– Не хочешь бежать сам – так выпусти нас!
Каттаю стало страшно. Ему показалось, глаза венна светились в ночи, как два изумруда.
– Нет, нет!.. – зашептал он, отползая прочь по траве. – Нет, что ты… нет… Я добрый раб… Я не могу предать господина…
Щенок хотел сказать что-то ещё, но Каттай слушать не стал. Он вскочил и убежал прочь, спотыкаясь в потёмках. Забрался в повозку, ставшую за эти дни такой родной и привычной, свернулся там на мешках и неслышно заплакал. Что-то в нём жутко и томительно отозвалось на слова о побеге, что-то затрепетало в груди, словно домашняя птица, услышавшая из поднебесья зов вольных собратьев…
Но слишком искусно подрезаны были крылья, и птица даже не попыталась взлететь.

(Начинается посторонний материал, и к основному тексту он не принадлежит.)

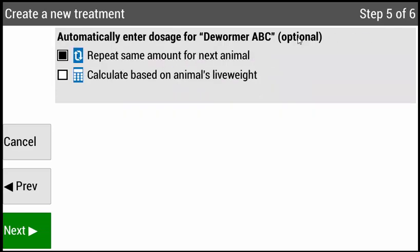Step five: there are two options available. The first option, Repeat Same Amount for Next Animal, is most commonly used for vaccines, in which the same amount will be administered for every animal regardless of weight. The second option, Calculate Based on Animal's Live Weight, is best used for dewormers and antibiotics — the scale will automatically calculate the amount to be dosed based on the animal's live weight. Using your up and down arrow keys, select the most relevant option. For this example, I will select option two. To enable that option, press Enter, then press Next.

Самоцветные горы были труднодосягаемы и славились этим. Старинные летописи гласили: давным-давно, когда безымянный старатель впервые обнаружил драгоценные жилы-верховки (легенда рассказывала о подстреленном олене: зверь, силясь встать, сорвал копытами пласт земли с травой, и на солнце засверкали баснословные россыпи), завоёвывать дармовое богатство отправилось превеликое множество народу. Охотники за камнями повалили из всех ближних держав. Саккаремцы, нарлаки, халисунцы, нардарцы… шли люди даже из Вечной Степи и из Потаённой Страны Велимор. В одиночку закладывали неглубокие копанки, по двое-трое били первые шурфы[1] – «напытки»… Всем казалось: только бы отыскать «то самое» место – и за богатством, валяющимся под ногами, останется лишь нагнуться…
Кому-то действительно повезло. Большинство, как водится, просчиталось.
Потомки самых удачливых стали хозяевами рудников и теперь наслаждались богатствами, не поддававшимися никакому исчислению. Дети менее удачливых пошли к ним в услужение, став рудознатцами и гранильщиками камней. Но большинство тех, кто устремился к Трём Зубцам с котомками и кирками, так и не увидели не то что рубинов и золота – даже самого паршивенького крошащегося червеца…[2]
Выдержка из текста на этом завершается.